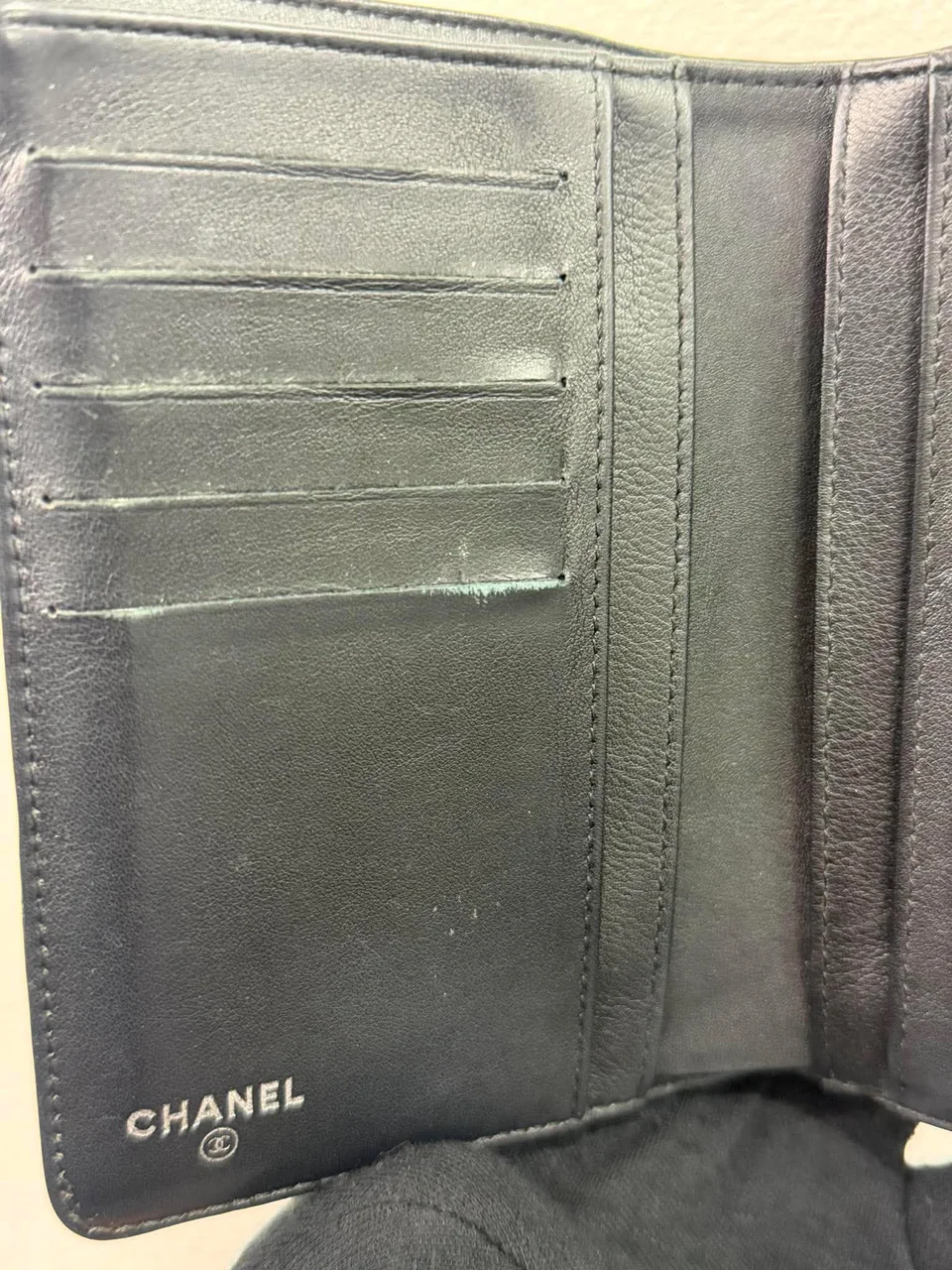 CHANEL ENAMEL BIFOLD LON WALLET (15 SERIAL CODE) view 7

--

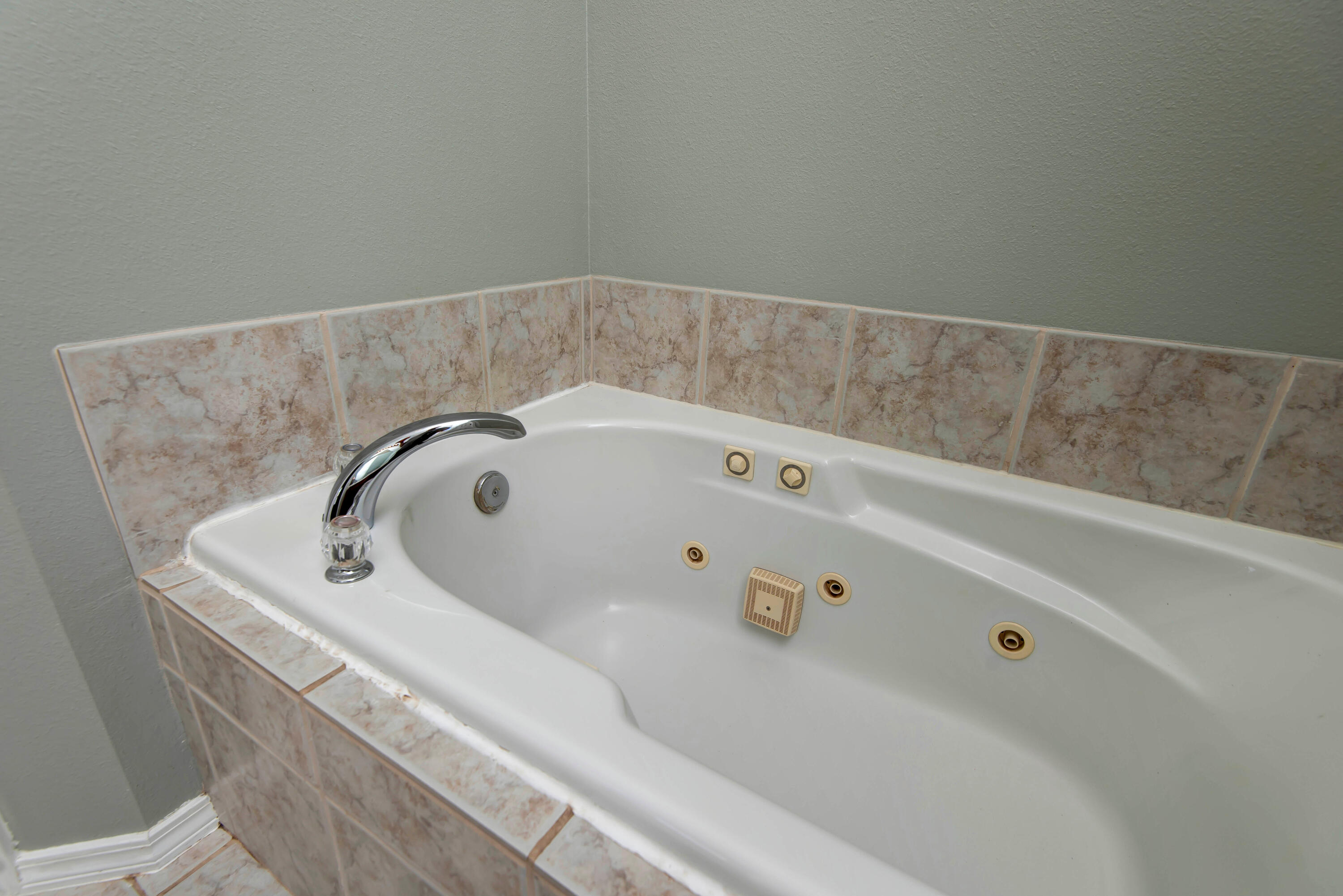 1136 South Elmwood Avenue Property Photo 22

--

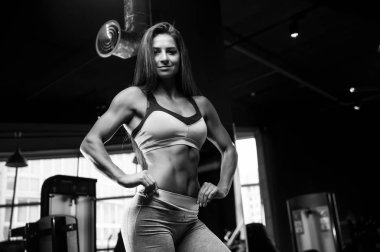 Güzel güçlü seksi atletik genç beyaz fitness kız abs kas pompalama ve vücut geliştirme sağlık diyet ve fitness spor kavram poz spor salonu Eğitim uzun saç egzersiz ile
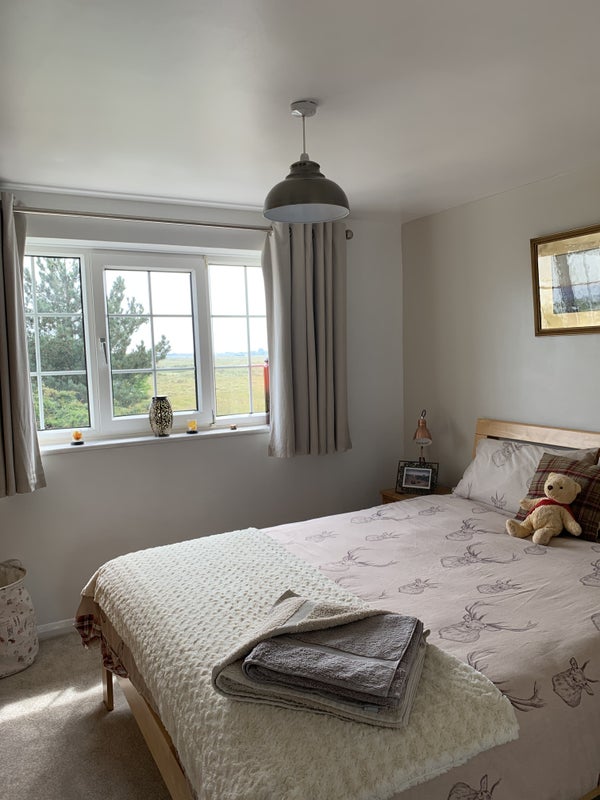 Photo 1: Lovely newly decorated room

YOUR GOAL: Please print the lines above word for word, starting at the one with "Güzel güçlü seksi" and ending at the one with "Photo 1: Lovely newly decorated room", both included, and without any picture.

SOLUTION FOR THIS TASK:
 Güzel güçlü seksi atletik genç beyaz fitness kız abs kas pompalama ve vücut geliştirme sağlık diyet ve fitness spor kavram poz spor salonu Eğitim uzun saç egzersiz ile
 Photo 1: Lovely newly decorated room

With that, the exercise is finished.